2005 saw the publication by Princeton University Press of Harry G. Frankfurt’s "On Bullshit," a tongue-in-cheek but sincere effort to articulate the concept of bullshit. Spinoffs soon appeared, such as Laura Penny’s "Your Call Is Important to Us" (Crown, 2005) and "Why Business People Speak Like Idiots" by Brian Fugere, Chelsea Hardaway, and Jon Warshawsky (Free Press, 2005). As these titles suggest, the focus is on bullshit that originates in the officeplace rather than the world of politics, which is unexpected to those of us for whom George Orwell’s "Politics and the English Language" (1946) is the canonical study of the subject, but is also perhaps telling.
I’m troubled by this zeal to identify bullshit because it seems to me that there probably is nothing other than bullshit. Frankfurt defines bullshit as pretending that you know what you’re talking about when in fact you don’t. But that strikes me as a good description of human communication as such. Compassion dictates that one appear confident in what one is saying. Every parent learns this early on; nothing is more terrifying to young children than the idea that they are being cared for by people who don’t really know what life is about. So one learns to mime the self-confidence that is demanded. But the rule holds for all ages. Uncertainty is disturbing, and we love to hear from those who convincingly ape a command of relevant facts and concepts. It’s all a mere mummer’s play, but we couldn’t do without it.

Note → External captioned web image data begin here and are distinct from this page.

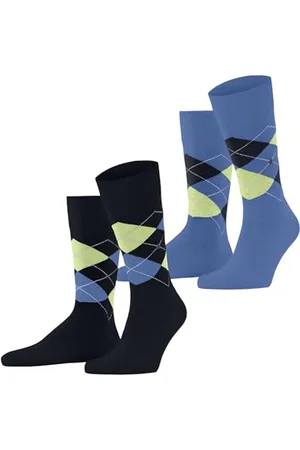 Burlington Everyday Argyle M So cotone fantasia confezione di 2 paia, Calzini Uomo, , 40-46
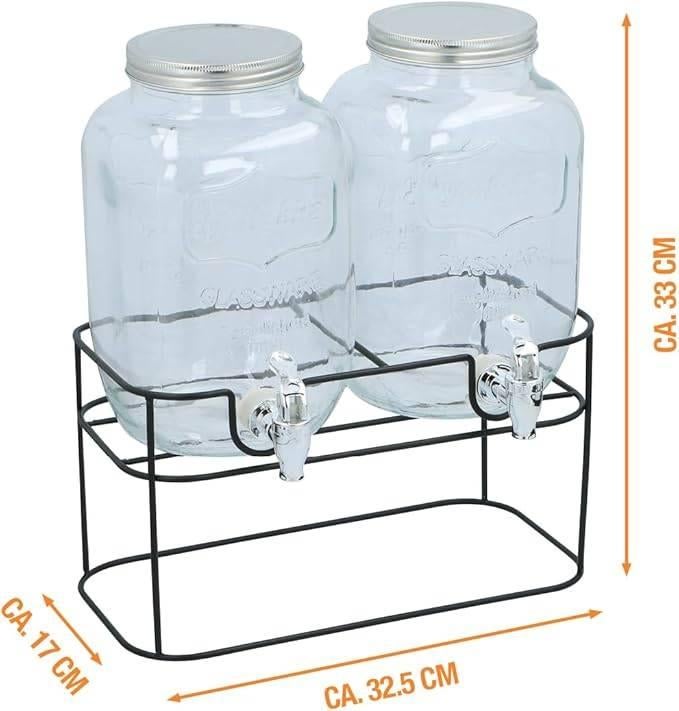 Distributeur de boisson double | 4x2L | LIVRAISON GRATUITE, Neuf, -, -, Cuisine elegance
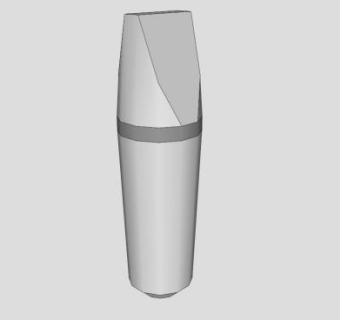 电容式无线话筒SU模型下载_sketchup草图大师SKP模型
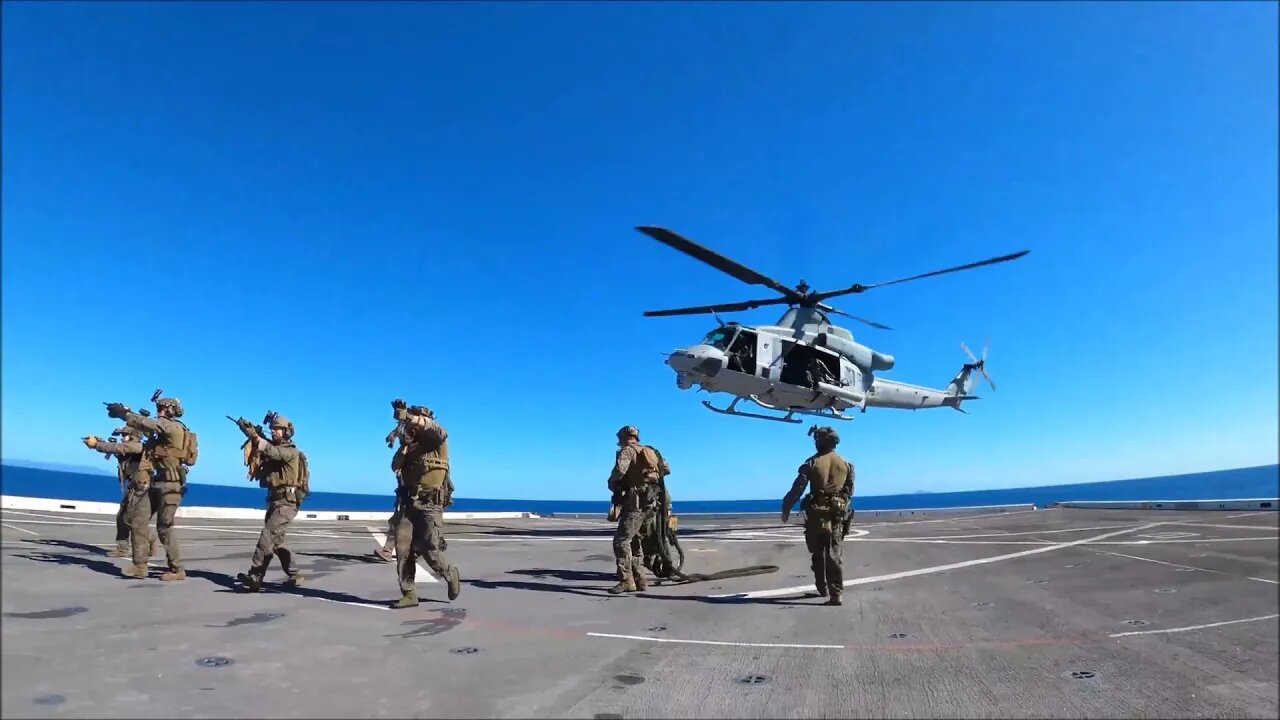 Fast-Rope Training Aboard USS New Orleans - Talisman Sabre 21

That the answer to “Is There Anything Besides Bullshit?” is “No” captures something important in the position expressed by the early Wittgenstein in his "Tractatus Logico-Philosophicus" (1927), which held that what matters can’t be put into words, and that what can be put into words doesn’t matter. On this view, any verbal performance that is more ambitious than the sheer stating of fact (“such-and-such is the case”) is bullshit.
But – is it possible not to go beyond the facts? Doesn’t the assertion of even a purely factual statement imply a judgment that these facts and not others that might be mentioned are significant from one or another point of view? Indeed, isn't everything that we think of as “culture” and “science” and “scholarship” and “expert opinion” a matter of going beyond the facts – generalizing, inferring, postulating? Modern physics would be bullshit, on this view, to say nothing of religion, law, literature, and social science (which most of us are already prepared to acknowledge are bullshit).
To find our way in this imbroglio, we would have to define “bullshit” more carefully. It is true that everything we (really want to) say is bullshit. But not all bullshit is equal. Some bullshit goes beyond the facts in ways that are benign, and even beneficial. In these worlds, there is an ongoing contest among bullshits as to which we will accept and which we will abandon at any given moment. Here, we can even admire extraordinary bullshit artists without in any way being convinced that their bullshit is true. There is a place for such bullshitters in this world.
Other bullshit goes beyond the facts in an insidious way: by making it appear that its inferences and postulates and generalizations possess the force of facts. So, to answer the question: No, there is nothing besides bullshit, but some kinds of bullshit are worse than others, and a great deal is at stake in exposing the worst as such. On the other hand, a great deal is also at stake in recognizing the way in which, despite the difference among bullshits, everything we say is, in the end, bullshit. At a time when more and more people seem all too ready to believe that some talk is not bullshit – that some talk, for example, is the unalloyed word of (their) god – this is this lesson that seems especially urgent to learn. At the same time, however, the significant minority of relativists need to be reminded that some bullshit is deadlier than the rest, and that their very commitment to relativism enjoins them to identify this bullshit and heap scorn upon it.
On the other hand, one might say that the very idea that there is good bullshit and bad bullshit is itself bullshit.